Of all the investing philosophies espoused by Wall Street luminaries Warren Buffett and Peter Lynch, the most universal may be the axiom “Buy what you know.” Loyal3, a San Francisco-based startup, aims to make it easier for consumers to do just that. Its Customer Stock Ownership Plan (CSOP), which launched in May, enables people to buy small amounts of stock in publicly traded companies. “People love Target and Coke,” says Barry Schneider, CEO of Loyal3. “Why aren’t more of them owners of those brands?”
Well, for three reasons: The market can be intimidating, exclusionary, and expensive. According to a 2011 Gallup poll, just 54% of Americans own stock–the lowest level since Gallup began tracking ownership annually in 1999. (The S&P 500 index’s falling 6% over that time hasn’t helped.) Brokerage firms don’t bother with low-net-worth clients, and the fees charged by online brokerages make investing a losing proposition for people who want to float just a little cash.
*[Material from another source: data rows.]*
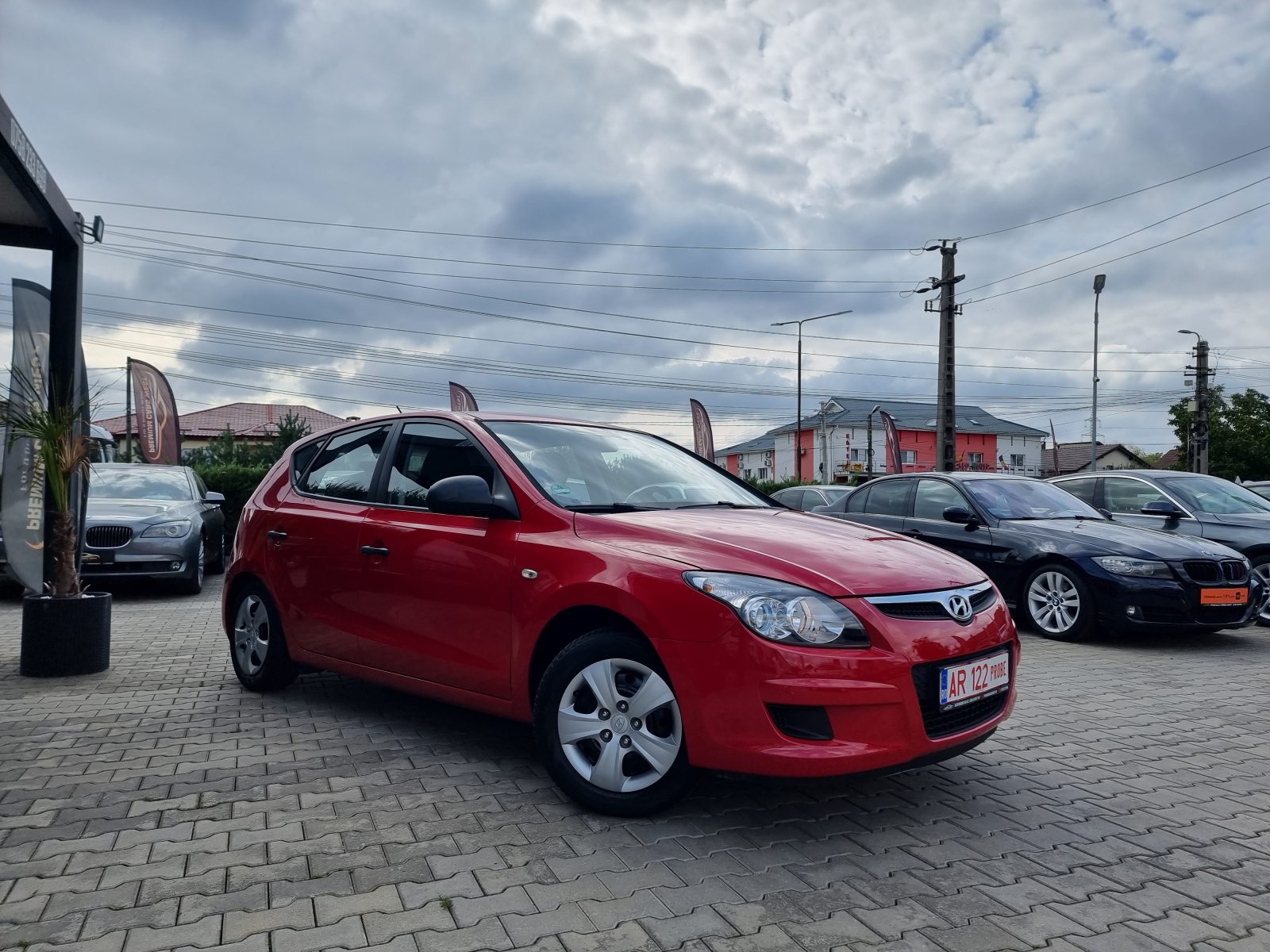 HYUNDAI i30, 1.4 BENZINA, 110 CP, AN 2010        RATE-LIVRARE-GARANTIE
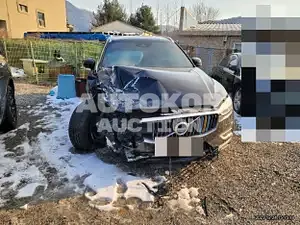 2019, Volvo / XC60, VIN: YV1UZ68TCL1418236, diesel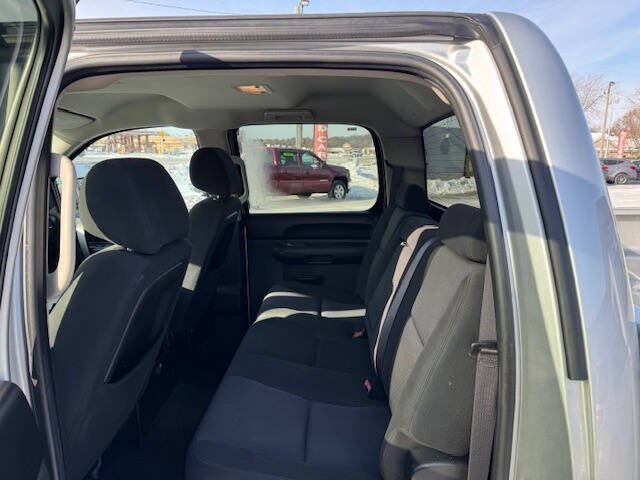 2011 GMC Sierra 1500 SLE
Loyal3 addresses those concerns. Its goal is to court public companies–or ones planning to go public–that engender consumer devotion, and then serve as middleman so users can buy partial shares of them. The first (and, as of press time, only) CSOP partner is Fifth & Pacific Companies Inc. (formerly Liz Claiborne Inc.), a $1.5 billion outfit that owns such brands as Juicy Couture and Kate Spade.
After creating a Loyal3 account, users can visit F&P’s site or Facebook page to buy fractional shares, at market value, in increments of $10, $25, or $50. Any dividends earned are reinvested, and CSOP shareholders can sell at any time. F&P covers the trading fees. Loyal3 gets paid by the company for acting as broker.
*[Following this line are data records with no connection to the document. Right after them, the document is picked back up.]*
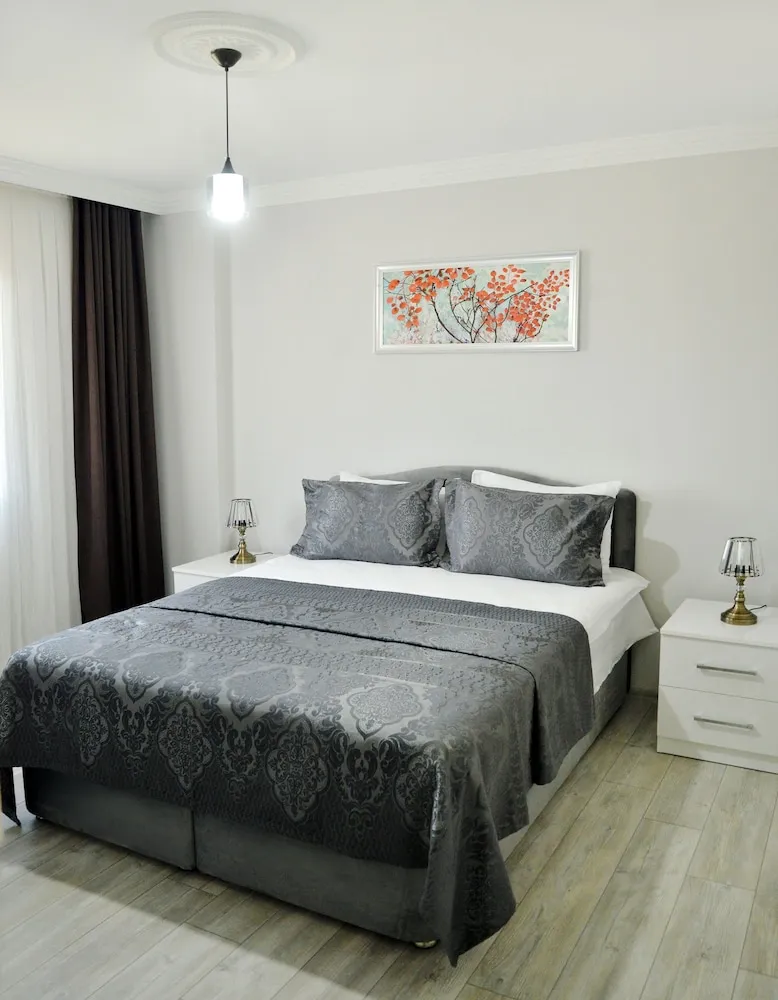 Deluxe Apart Daire
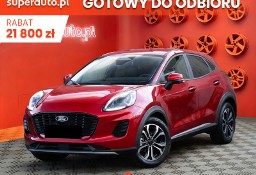 Ford Puma II Titanium 1.0 Ecoboost Titanium 1.0 Ecoboost 125KM / Pakiet Comfort,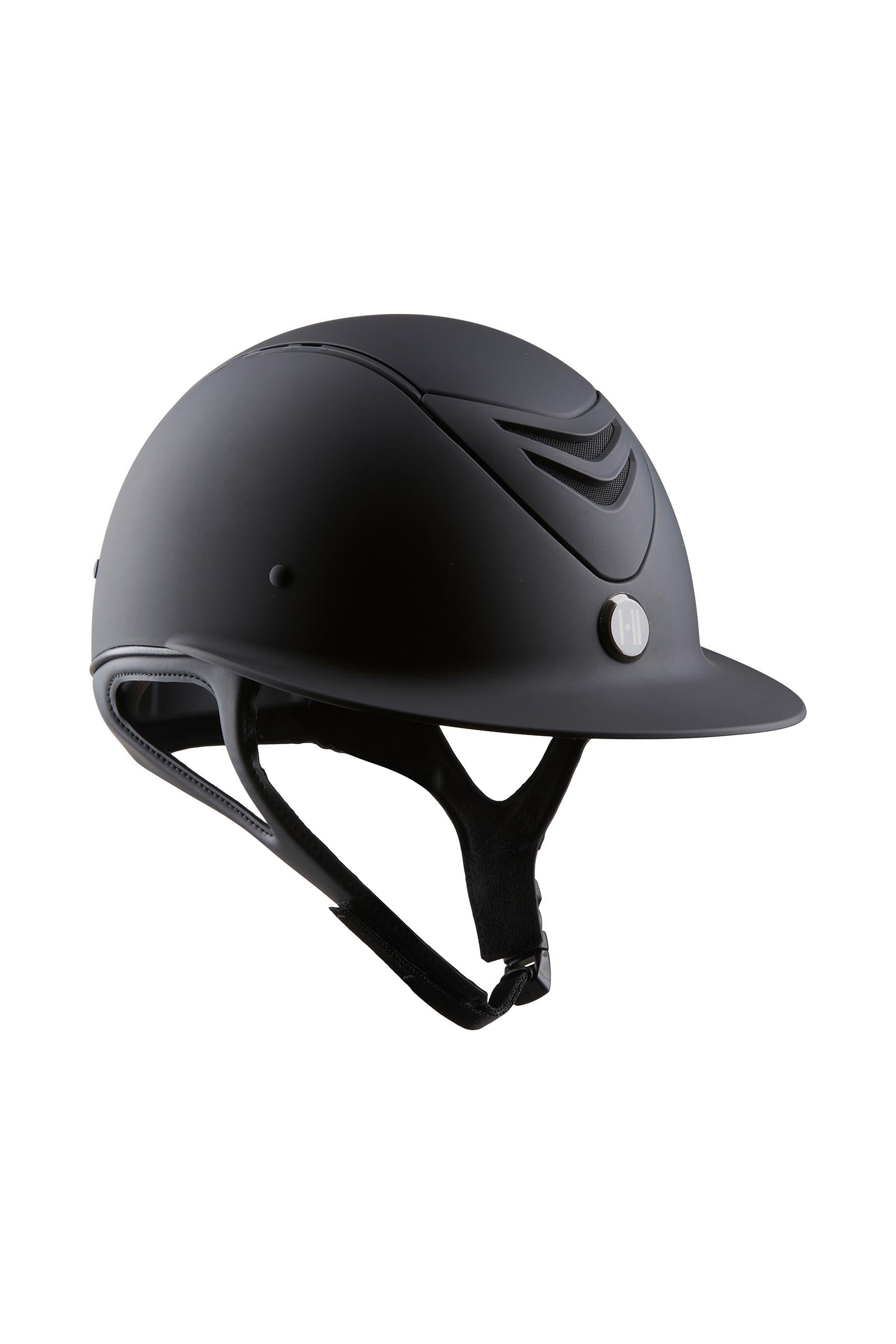 OneK Avance Convertible Matt Riding Helmet Safety Equipment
For partners like F&P, the appeal extends beyond the sale of stock. “We don’t care if the volume of shares traded is small,” says William L. McComb, CEO of F&P. “Ownership drives loyalty, and vice versa.” And the mobilization of loyalty is at the heart of Loyal3’s allure. Says Schneider, “We make it as easy to buy stock as it is to buy a book on Amazon.”
To a point. Loyal3 lets users invest only up to $2,500 per brand each month–a decision that speaks to the danger of making stock as easy to buy as a Hunger Games paperback. In a weak economy, people who can’t afford a well-rounded portfolio may be better off opening a 401(k), or saving. And while Loyal3’s mission is to introduce more people to the market–and Loyal3.com does offer links to financial advice–the company’s model isn’t built on investor education. For every user that understands the market, another may invest in a brand because he likes the pants it makes.
Of course, that kind of bond between brand and consumer is what Loyal3 aims to forge. “Consumers are well-positioned to assess which companies to invest in,” Schneider asserts, “because they know from experience the brands that have superior products and services.” Given the track record of “professional” stock pickers, that may be as good a guide as any.